By 1 p.m. local time, turnout reached 35 percent, according to the official elections website, surpassing the turnout in previous elections.
1. 'Independence Referendum'
The region's president pledged to declare unilateral independence from Spain if the pro-independence parties win, even if they do not gather an absolute majority of votes.
Catalonia held a non-binding vote in 2014, in which over 80 percent of voters backed independence. However, the vote has been plagued by its non-binding status and Spain's claims that it was illegal, making the turnout numbers more questionable.
2. Conflict with Spain
Spain has previously blocked referendums for Catalan independence, making this election a forced choice for voters. At the same time, Catalonia's intentions to declare unilateral independence would be illegal according to Spain's constitution.
Because of this, some in Spain believe that Catalonia would take more symbolic measures rather than full-fledged independence.
"Although Mas' re-election will test the unity of the secessionist movement, pro-independence parties will make symbolic moves towards a Catalan state if they obtain a majority, prolonging the stalemate with the central government," Antonio Varroso of risk consultancy Teneo Intelligence told CNBC.
3. Leaving the EU
Spain's threats would also potentially make Catalonia the first territory to leave the EU. The EU's spokesperson confirmed this in 2013, saying that
"[An] independent state, because of its independence, would become a third country vis a vis the EU and as of the day of the independence the EU treaties will no longer apply,"
4. Economic Pull
Catalonia is one of Spain's wealthiest regions with relatively lower unemployment compared to the rest of Spain with its chronically high unemployment.

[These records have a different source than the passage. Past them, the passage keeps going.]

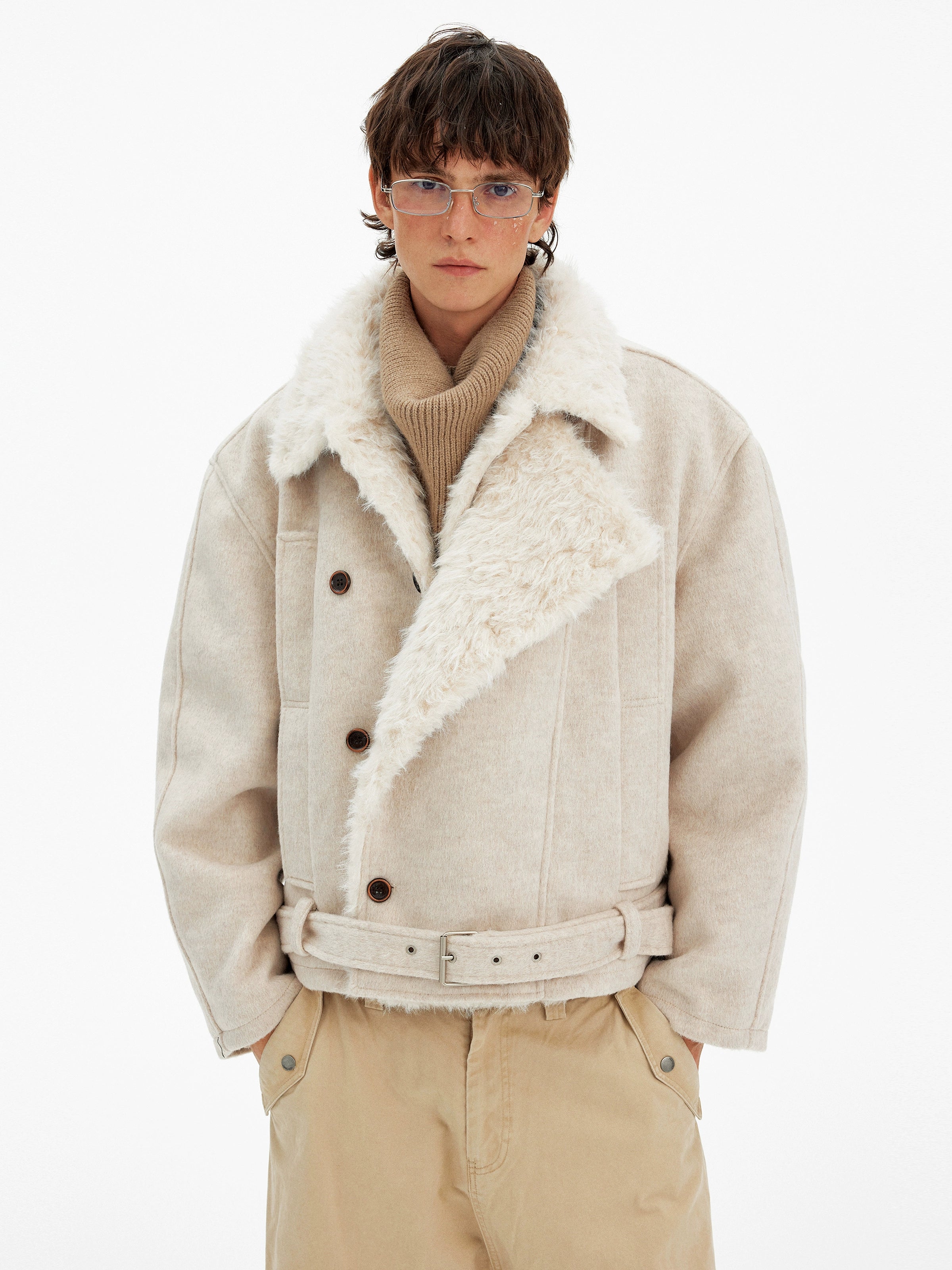 Vintage high-end double-breasted fur collar cotton clothes men's and women's winter casual wool blended warm jacket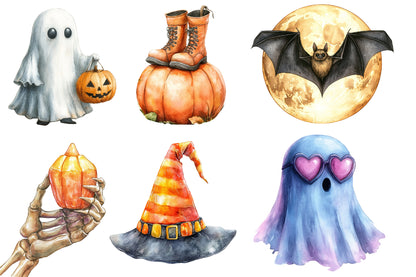 Halloween Designs Clipart PNG | Cute Ghost, Black Cat, Bat, Witch Hat & Pumpkin Clipart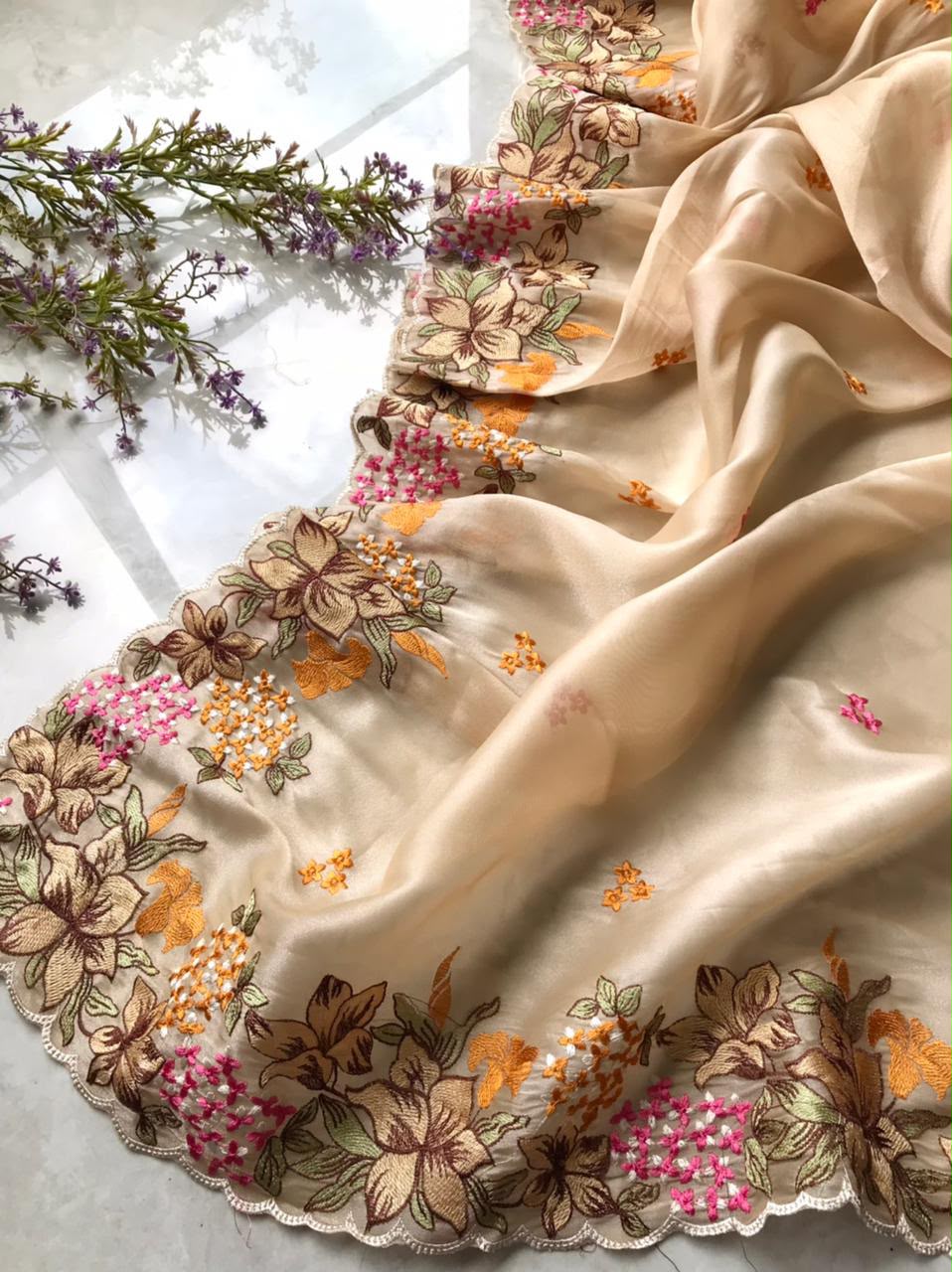 Tissue embroidery premium saree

Catalonia's economy makes up 19 percent of Spain's gross domestic product and only 6.3 percent of the territory. GDP per capita also remains higher than the national average. At the same time, pro-independence parties say that Spain takes in more of Catalonia's tax revenues than it brings back.
5. New Leadership
Artur Mas is considered an unlikely leader for Catalan independence because of his past as a "technocrat." However, he has pushed for Catalan independence since 2007.

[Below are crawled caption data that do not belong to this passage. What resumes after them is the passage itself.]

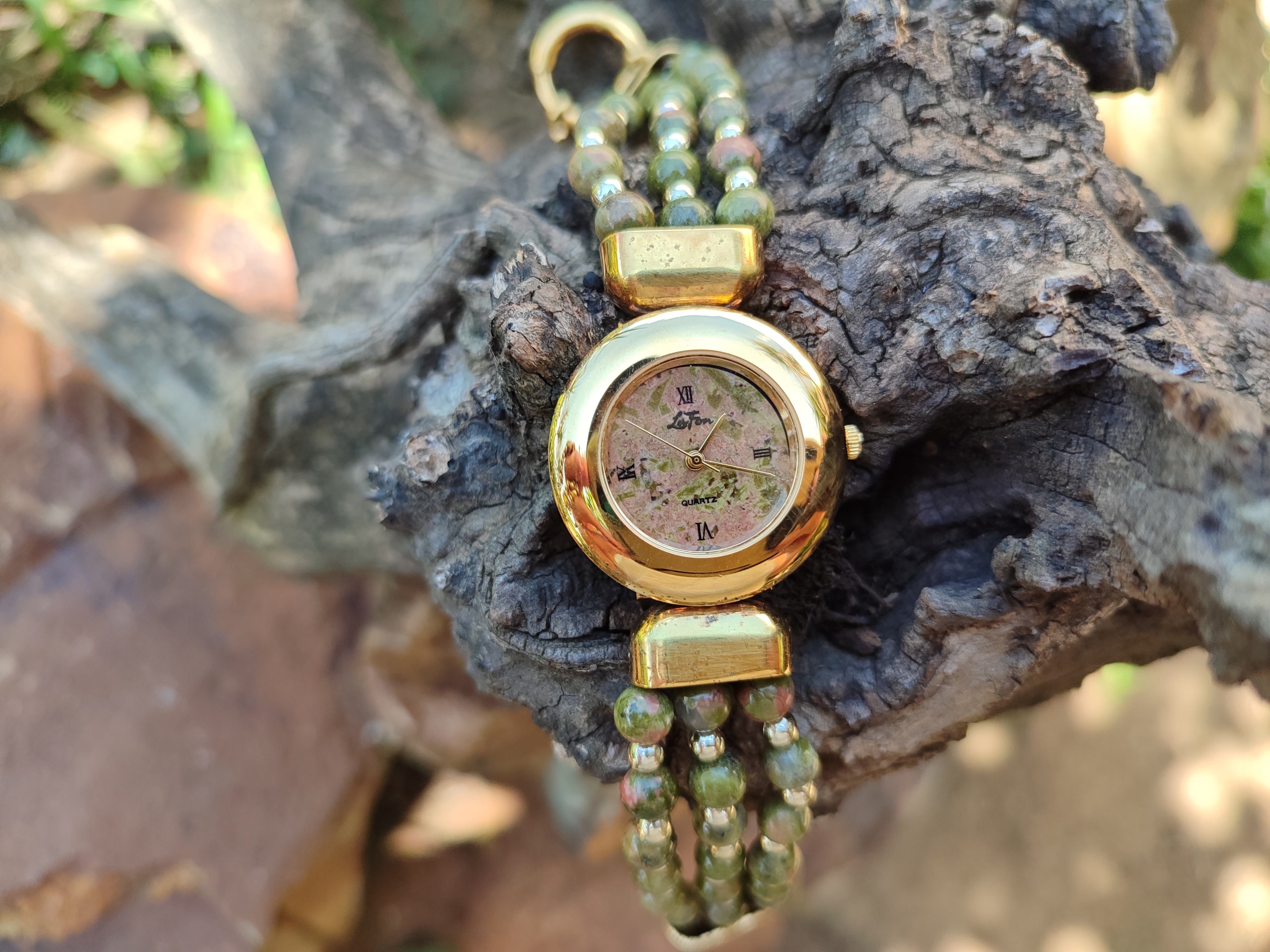 Polished Vintage La Fon Watch with Unakite Beads - Sold Per Item - From South Africa - Toprock Gemstones and Minerals 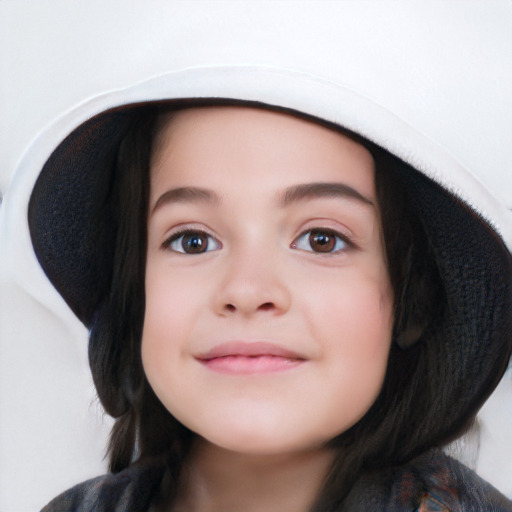 Neutral white child female with medium  black hair and brown eyes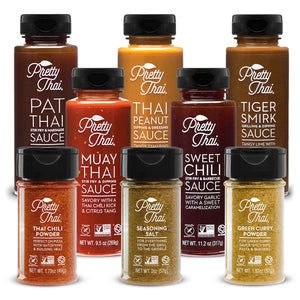 selection of all 5 of our sauces and 3 of our spices! Pat Thai Sauce, Muay Thai Sauce, Thai Peanut Sauce, Sweet Chili Sauce, Tiger Smirk Sauce, Green Curry Powder, Seasoning Salt, and Thai Chili Powder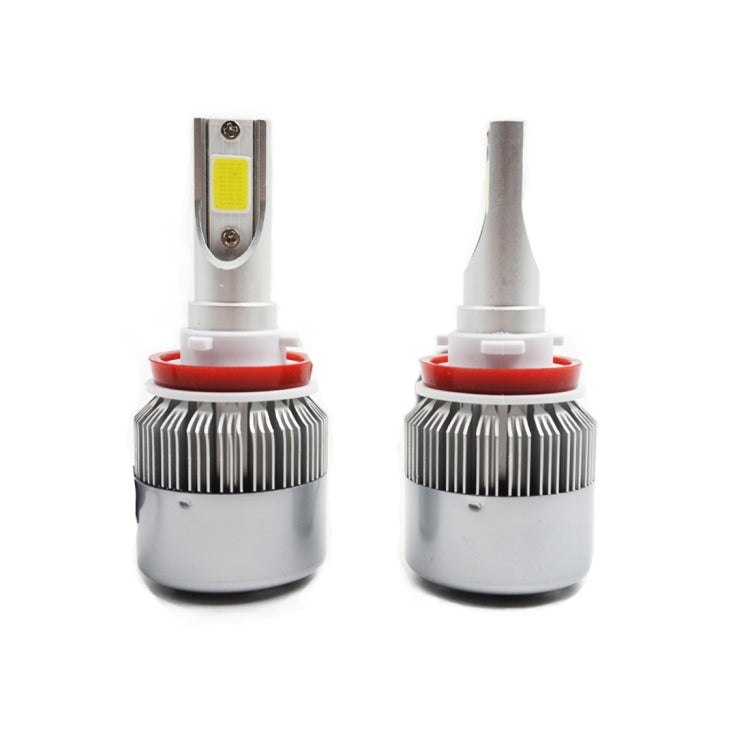 2pcs H8/H11 18W 1800LM 6000K Waterproof IP68 Car Auto LED Headlight with 2 COB LED Lamps, DC 9-36V(White Light)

"We have surpassed all the obstacles placed by the Spanish government. Now, Catalonia faces its own destiny," Mas said on Sunday, as cited by AFP.
The pro-independence parties also seek more cultural autonomy, which has been a part of Spain in one form or another since the year 1137. Catalonia’s current conflict with the Spanish government goes back to a dispute over a new Statute of Autonomy. It was approved in 2006, expanding the autonomy’s rights.